= Traverse Symphony Orchestra =

The Traverse City Philharmonic is a professional part-time symphony orchestra based in Traverse City, northern Michigan.

In 2001 Kevin Rhodes joined the orchestra as music director and the orchestra evolved into a professional organization with a core base of musicians drawn from the Michigan region. Performances are held at Interlochen's Corson Auditorium and the City Opera House in downtown Traverse City. The Traverse City Philharmonic is a nonprofit corporation supported by ticket sales, donations, corporate sponsorships and grants.

==History==
The Traverse City Philharmonic was founded in 1952 by Elnora Milliken as an amateur community ensemble under the direction of Dr Pedro Paz.
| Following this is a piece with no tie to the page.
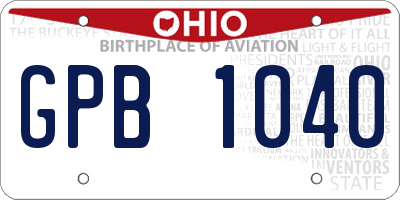OH license plate GPB1040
The first concert was held in December, 1952, featuring Beethoven's Symphony No.1, Strauss' "Emperor" Waltz, the Carmen Suite No.1 by Georges Bizet. There was a connection over the years with Interlochen Center for the Arts, providing a core of musicians and conductors from among faculty and students. Until 1985 it was known as the Northwest Michigan Symphony Orchestra, then changed the name to Traverse Symphony Orchestra until 2024, when the name changed again to Traverse City Philharmonic.

==Education==
The Traverse City Philharmonic offers educational programs that provide enriching music to 4,000 children and students each year. The Civic program offers students of all ages opportunities to work with professional musicians in one of two ensembles based upon skill and experience levels.